### Exercise objective:
Write out, please, each line from the one containing "this 1068×712 image." to the final line of the data, both included, exactly and without pictures.

BEGIN Data records

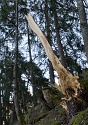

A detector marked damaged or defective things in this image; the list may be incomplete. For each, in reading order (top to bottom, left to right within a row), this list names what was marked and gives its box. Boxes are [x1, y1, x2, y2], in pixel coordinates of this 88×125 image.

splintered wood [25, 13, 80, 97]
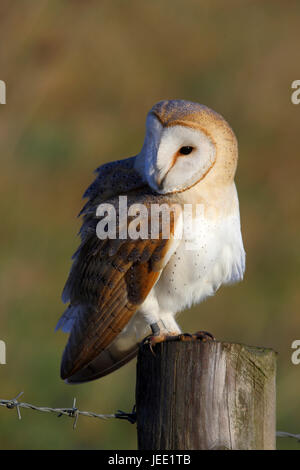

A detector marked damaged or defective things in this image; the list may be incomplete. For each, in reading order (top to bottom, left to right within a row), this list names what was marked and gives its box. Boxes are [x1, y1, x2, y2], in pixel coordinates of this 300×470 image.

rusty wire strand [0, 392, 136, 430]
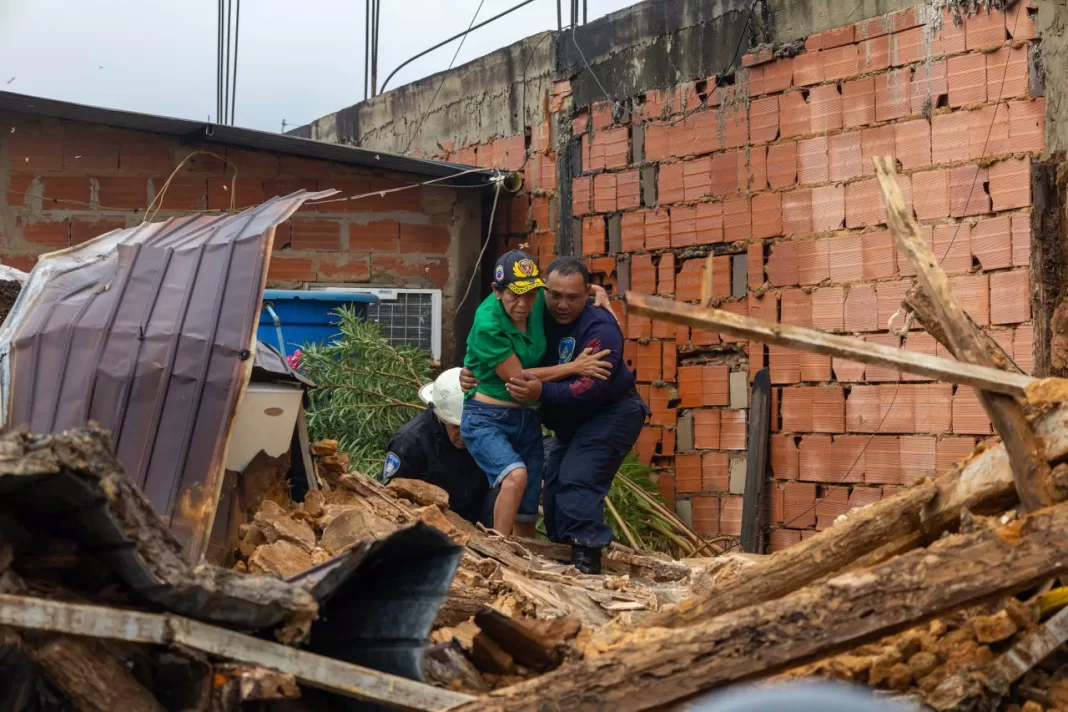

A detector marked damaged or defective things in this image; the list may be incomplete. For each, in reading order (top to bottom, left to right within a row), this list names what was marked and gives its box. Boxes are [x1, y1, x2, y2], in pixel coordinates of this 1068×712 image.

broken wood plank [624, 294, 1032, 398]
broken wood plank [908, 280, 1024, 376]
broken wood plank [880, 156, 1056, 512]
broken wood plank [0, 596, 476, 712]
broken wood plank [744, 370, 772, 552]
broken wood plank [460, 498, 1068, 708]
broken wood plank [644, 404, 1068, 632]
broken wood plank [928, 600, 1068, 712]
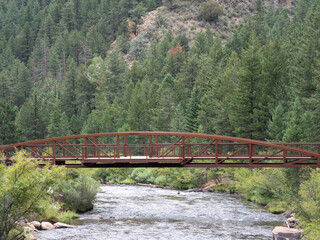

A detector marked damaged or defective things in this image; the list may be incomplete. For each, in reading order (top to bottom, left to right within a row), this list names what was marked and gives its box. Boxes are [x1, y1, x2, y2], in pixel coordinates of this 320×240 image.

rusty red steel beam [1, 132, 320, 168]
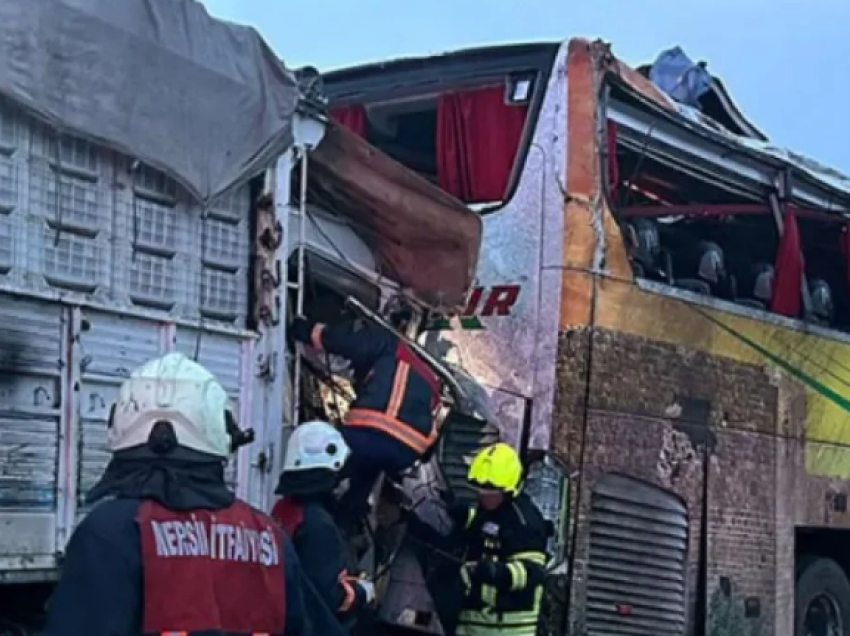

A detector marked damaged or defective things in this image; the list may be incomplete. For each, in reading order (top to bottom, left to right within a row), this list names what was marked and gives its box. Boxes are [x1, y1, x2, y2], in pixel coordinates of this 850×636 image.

END Data records

### Output:
A detector marked damaged or defective things in this image; the list may be incomplete. For each, in reading order (top to bottom, left to right within a row), this list names what was marked and gives its box. Boxes are [x1, y1, x2, y2], in pixel coordinates of this 1068×712 image.

broken wood plank [624, 294, 1032, 398]
broken wood plank [908, 280, 1024, 376]
broken wood plank [880, 156, 1056, 512]
broken wood plank [0, 596, 476, 712]
broken wood plank [744, 370, 772, 552]
broken wood plank [460, 498, 1068, 708]
broken wood plank [644, 404, 1068, 632]
broken wood plank [928, 600, 1068, 712]

A detector marked damaged or defective things in this image; the list may be incomplete. For each, in reading order (top to bottom, left to right within a row), this list names what was marked and gives its box. Boxes are [x1, y1, x2, y2], in pixel coordinates of this 320×240 image.

rusty red steel beam [1, 132, 320, 168]

A detector marked damaged or defective things in this image; the list may be incomplete. For each, in reading order (top to bottom, left to right within a row), this list names what was marked and gives its box. Boxes are [x1, y1, x2, y2], in pixel coordinates of this 850×636 image.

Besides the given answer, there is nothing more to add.